Dadurch, daß das Schöffengericht die für die mit der angefochtenen Entscheidung abgeurteilten strafbaren Handlungen verwirkte Strafe zu Unrecht nach der (strengeren) Strafdrohung des § 147 Abs. 3 StGB. - diese sieht Freiheitsstrafe von einem bis zu zehn Jahren vor - ausgemessen hat, hat es jedenfalls die Grenzen des gesetzlichen Strafsatzes überschritten, und zwar unbeschadet dessen, daß die tatsächlich verhängte Zusatzfreiheitsstrafe in der Dauer von achtzehn Monaten auch im (richtigerweise anzuwendenden) Strafsatz des § 129 StGB. Deckung findet. Eine überschreitung der Grenzen des anzuwendenden gesetzlichen Strafsatzes im Sinn des zweiten Falles der Z. 11 des § 281 Abs. 1 StPO. (der nicht jeweils für den einzelnen Fall durch das Verhältnis zur Höhe eines Wertes, Nutzens oder Schadens bestimmt wird - vgl. Art. VII Strafrechtsanpassungsgesetz BGBl. 1974/422) ist nämlich bei der Ausmessung der Strafe nicht nur dann gegeben, wenn letztere (ohne Anwendung der §§ 39 oder 41 StGB. - vgl. SSt. 46/40) gezielt unter dem Mindest- oder über dem Höchstmaß tatsächlich festgesetzt wird, sondern auch in jenen Fällen, in denen das Gericht diese Grenzen bei der Wahl des anzuwendenden Strafsatzes überschreitet, mag auch der unterlaufene Fehler deshalb, weil die festgesetzte Strafe trotz ihrer (gemessen am richtigen Strafsatz) relativen Fehlerhaftigkeit in ihrem absoluten Ausmaß innerhalb des richtigen Strafrahmens liegt, im Ausspruch über die Strafhöhe an sich gar nicht sichtbar werden (10 Os 33/85; ÖJZ-LSK. 1977/357; SSt. 30/10; EvBl. 1967/411, 1969/28, 1977/63; Mayerhofer/Rieder StPO. 2 ENr. 17 f. und 29 zu § 281 Z. 11 u.a.).

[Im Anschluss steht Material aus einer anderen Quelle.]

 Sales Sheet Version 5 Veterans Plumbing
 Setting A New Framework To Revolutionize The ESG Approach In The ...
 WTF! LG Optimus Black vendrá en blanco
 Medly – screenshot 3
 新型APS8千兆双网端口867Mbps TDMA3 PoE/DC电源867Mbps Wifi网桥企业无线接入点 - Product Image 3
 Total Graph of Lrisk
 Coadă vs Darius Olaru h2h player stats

Der gemäß § 281 Abs. 1 Z. 11 StPO. nichtige Strafausspruch war daher aufzuheben, gemäß § 288 Abs. 2 Z. 3 StPO. in der Sache selbst zu erkennen und die (Zusatz-)Strafe nach § 129 StGB. neu zu bemessen.

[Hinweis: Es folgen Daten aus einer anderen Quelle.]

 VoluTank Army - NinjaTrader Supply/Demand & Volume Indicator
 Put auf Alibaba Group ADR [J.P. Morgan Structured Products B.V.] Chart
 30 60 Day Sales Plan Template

Dabei war erschwerend das Zusammentreffen von zwei Verbrechen mit einem Vergehen, die Wiederholung der Tathandlungen, die mehrfache Qualifikation der Diebstähle, die einschlägigen Vorstrafen und der rasche Rückfall, mildernd hingegen die Zustandebringung eines Teiles des Diebsgutes.

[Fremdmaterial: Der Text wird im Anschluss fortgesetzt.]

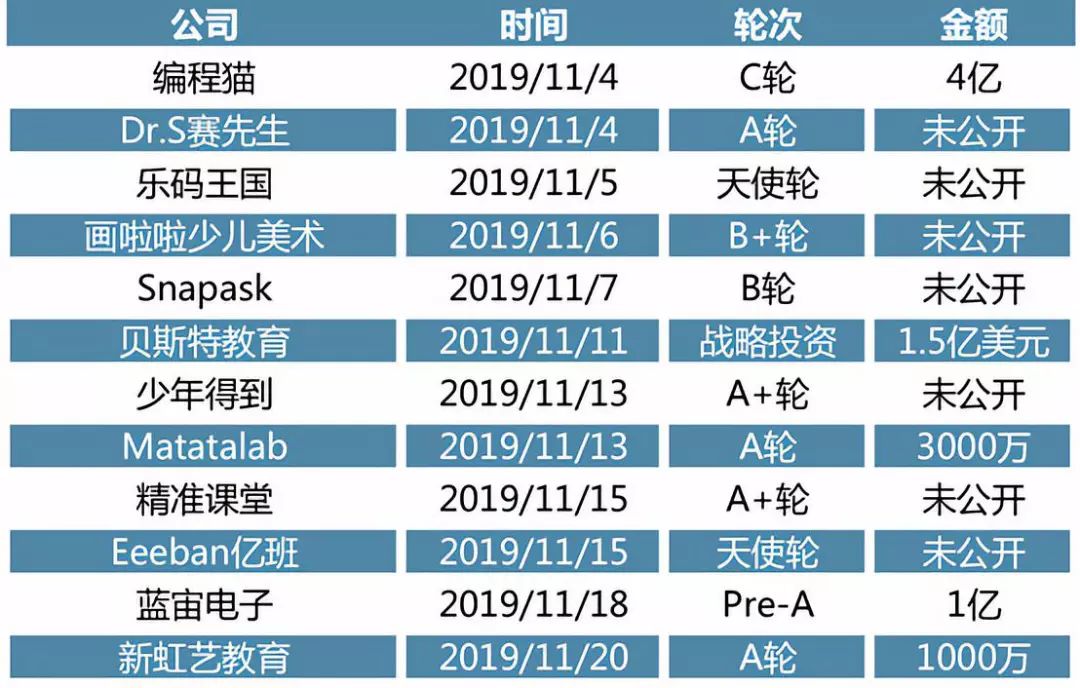 11月投资趋势回顾：医疗、教育、电商和消费等赛道进入整合期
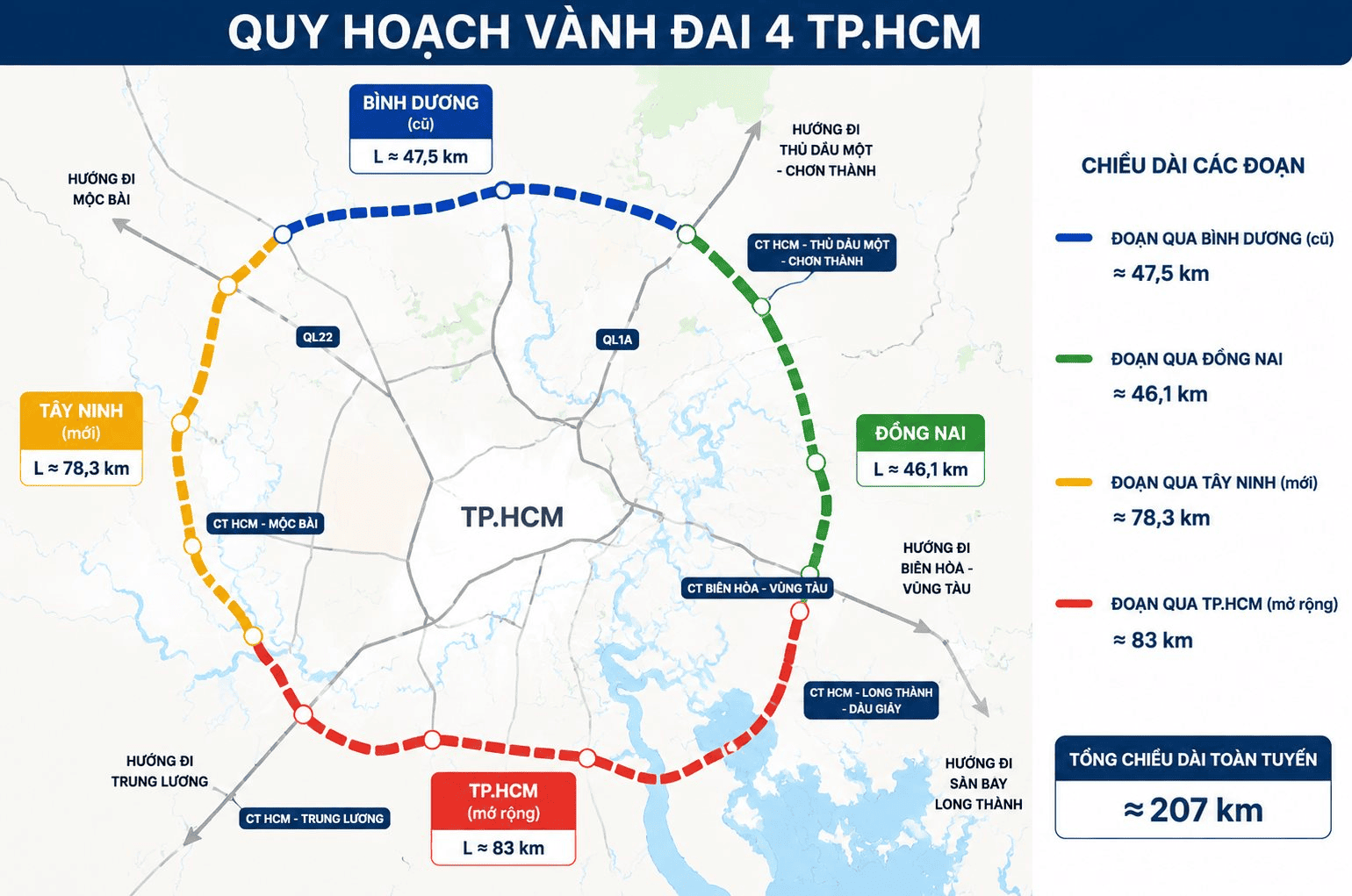 Vành đai 4 TP.HCM; Tăng tốc chưa từng có, siêu dự án 120.000 tỷ sắp xoay trục cả miền Nam 2 vanh dai 4 tphcm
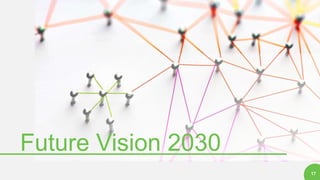17
Future Vision 2030
 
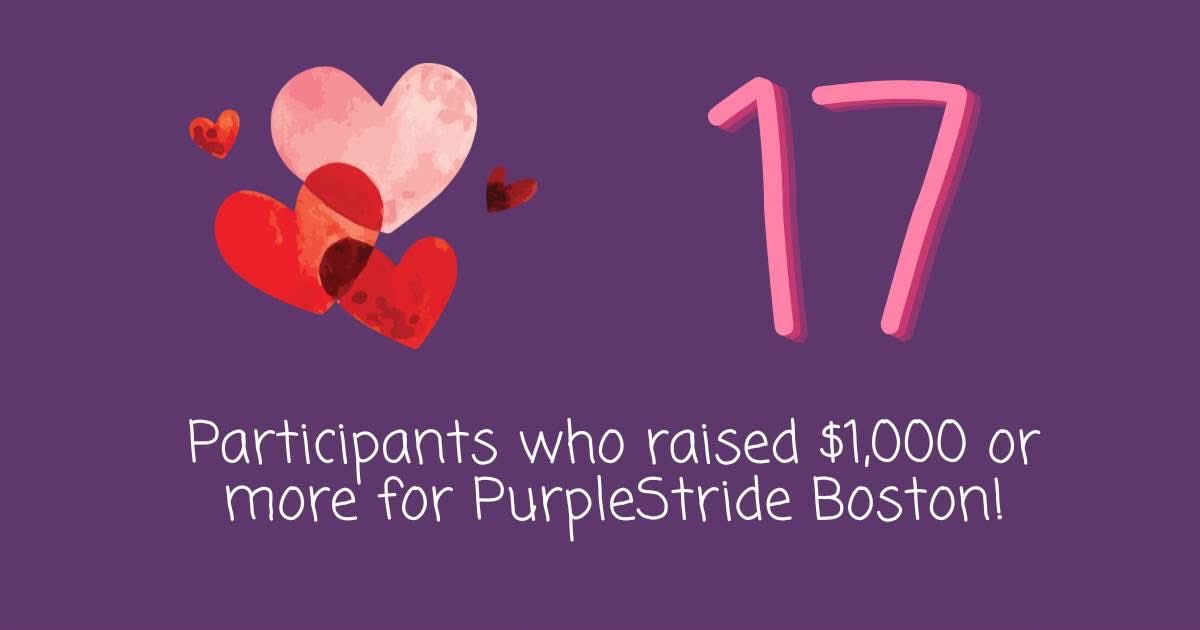 PanCAN Boston tweet media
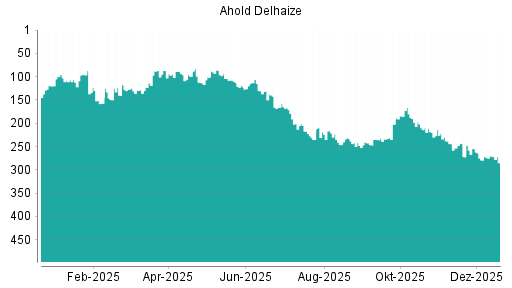BOTSI®-Advisor Abstufung Ahold Delhaize von Rang 142 auf Rang 152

Soweit die Berufung ins Treffen führt, das Erstgericht habe hinsichtlich der Scheckbetrügereien lediglich ein Teilgeständnis als mildernd gewertet, obwohl in dem darauf bezughabenden Urteil des Landesgerichtes Salzburg vom 8.Feber 1984 insoweit von einem umfassenden Geständnis die Rede sei, das zudem wesentlich zur Wahrheitsfindung beigetragen habe, genügt - abgesehen davon, daß das Schöffengericht durch die einschränkende Bezeichnung Teilgeständnis (ersichtlich) lediglich zum Ausdruck bringen wollte, daß sich dieses Geständnis eben nur auf die in dem früheren Verfahren abgeurteilten Scheckbetrügereien, nicht aber auch auf die hier aktuellen Straftaten (schwerer Einbruchsdiebstahl und Urkundenunterdrückung) bezieht - der Hinweis, daß die in dem nun angefochtenen Urteil erfolgte (abermalige) Aufzählung der in dem früheren Urteil herangezogenen Strafzumessungsgründe offensichtlich der verfehlten Ansicht des Schöffengerichts entsprang, es sei für alle Straftaten, die dem neuen und dem früheren Urteil zugrundeliegen, eine Art Gesamtstrafe zu bemessen.

Ausgehend von den sohin tatsächlich gegebenen Strafzumessungsgründen und unter Bedachtnahme auf die im § 32 StGB. normierten allgemeinen Grundsätze für die Strafbemessung erschien dem Obersten Gerichtshof angesichts des doch (verhältnismäßig) hohen Schuld- und Unrechtsgehalts die (bereits vom Erstgericht verhängte) Zusatzfreiheitsstrafe in der Dauer von achtzehn Monaten der tat- und persönlichkeitsbezogenen Schuld des Angeklagten angemessen.

Mit seiner Berufung war der Angeklagte auf diese Entscheidung zu verweisen.

Die Kostenentscheidung fußt auf der bezogenen Gesetzesstelle.